Der Sachverständigenrat schlägt für die Zeit nach einer Aussetzung der Schuldenregeln vor, dass das zulässige strukturelle Defizit dann weiterhin über der normalen Regelgrenze liegen darf. Es müsse jedoch Jahr für Jahr zurückgeführt werden. „Ökonomische Krisen können in den Folgejahren nach einer akuten Notlage noch erhebliche Auswirkungen auf eine Volkswirtschaft haben“, heißt es zur Begründung.
„Eine sofortige Konsolidierung des Staatshaushalts, um in diesen Jahren die Schuldenbremse wieder einzuhalten, könnte zu unnötig starken negativen Impulsen für eine noch schwächelnde Wirtschaft führen“, erklärte das Gremium. „Eine Übergangsregelung würde für zusätzliche fiskalische Spielräume zur Krisenbewältigung sorgen und gleichzeitig verhindern, dass ständig diskutiert wird, Notlagen auszurufen“, erklärte dazu Ratsmitglied Ulrike Malmendier.
Außerdem solle die Schuldenobergrenze in Abhängigkeit von der Schuldenstandsquote gestaffelt werden, empfiehlt der Rat.
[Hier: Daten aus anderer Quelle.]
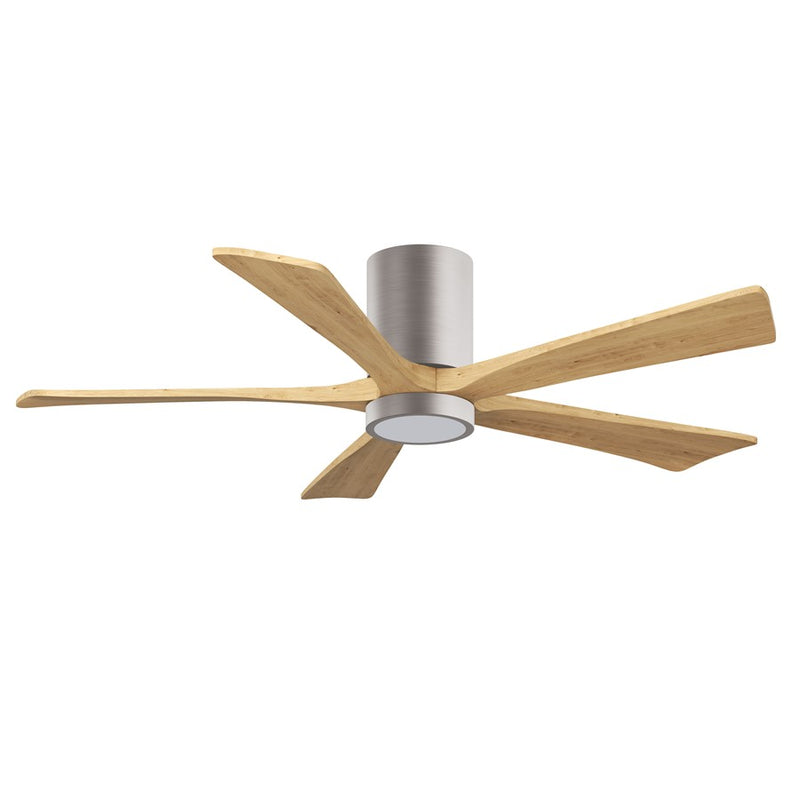 Matthews Fans Irene-5HLK 52in 5-Blade Flush Mount Ceiling Fan | Contemporary Brushed Nickel and Light Maple Wood | Living | Model IR5HLK-BN-LM-52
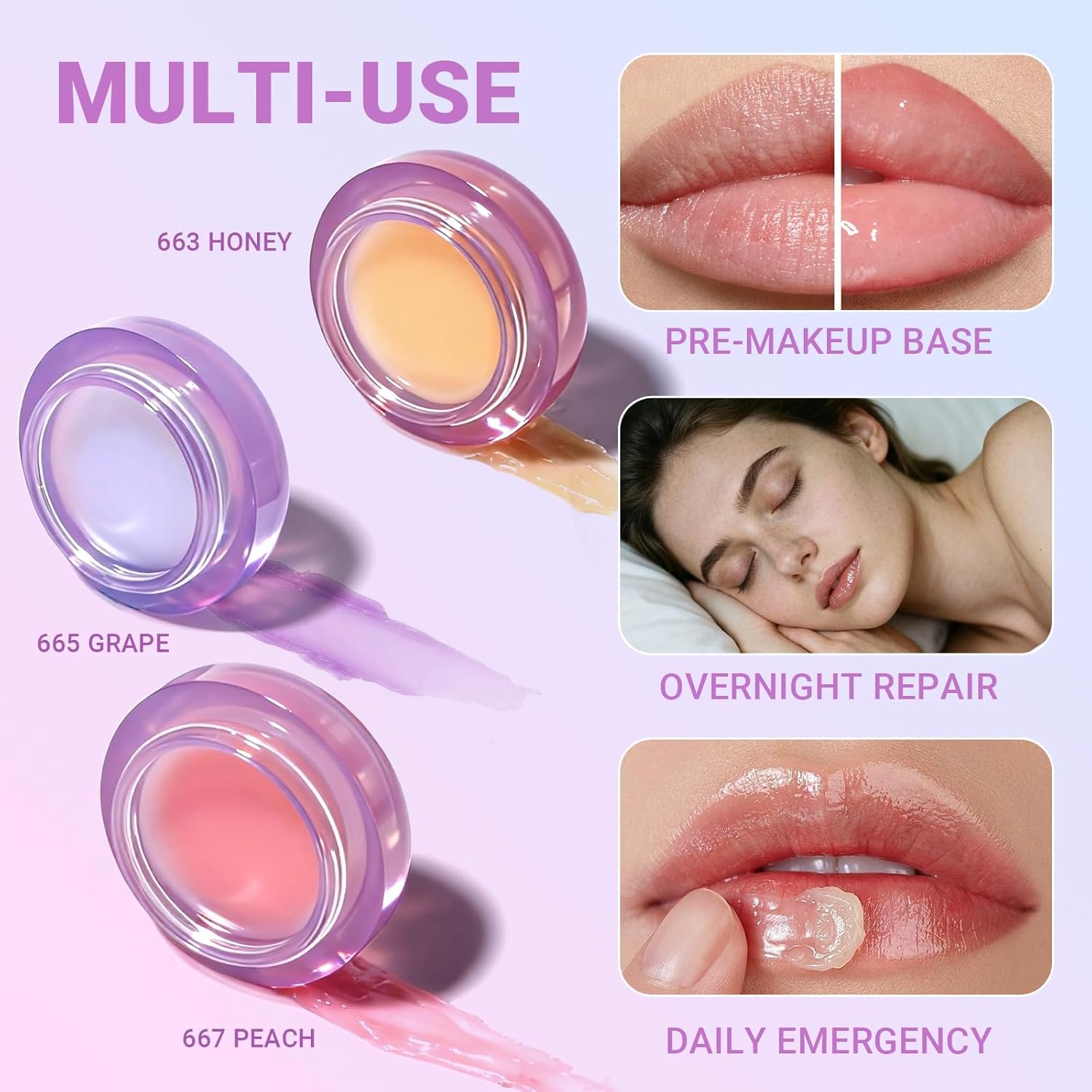 iMethod Lip Mask Overnight - Lip Sleeping Mask for Dry Lips, 8-Hour Hydrating Lip Balm with Hyaluronic Acid, Intense Moisturizing Lip Treatment to Nourish & Repair - Grape - Image 9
Bei niedrigen Schuldenstandsquoten könnte die Verschuldung dann höher ausfallen. Derzeit sinke die Schuldenstandsquote selbst dann „stetig und deutlich“, wenn die mögliche Kreditaufnahme voll ausgeschöpft werde.
Konkret schlagen die Sachverständigen vor, bei einer Schuldenstandsquote unter 60 Prozent des Bruttoinlandsprodukts (BIP) solle die Grenze für das strukturelle Defizit bei einem Prozent des BIP liegen. Zwischen 60 Prozent und 90 Prozent sollte ein Defizit von 0,5 Prozent des BIP zulässig sein. Erst ab 90 Prozent Staatsverschuldung sollten nur noch die derzeit generell gültigen 0,35 Prozent des BIP für das strukturelle Defizit erlaubt sein.
Die reformierte Konjunkturkomponente soll laut Sachverständigenrat diese methodisch verbessern und weniger revisionsanfällig machen. Dies solle „eine konjunkturgerechtere Finanzpolitik ermöglichen“, hieß es in der Erklärung des Rats. Der Sachverständigenrat berät die Bundesregierung in wirtschaftspolitischen Fragen.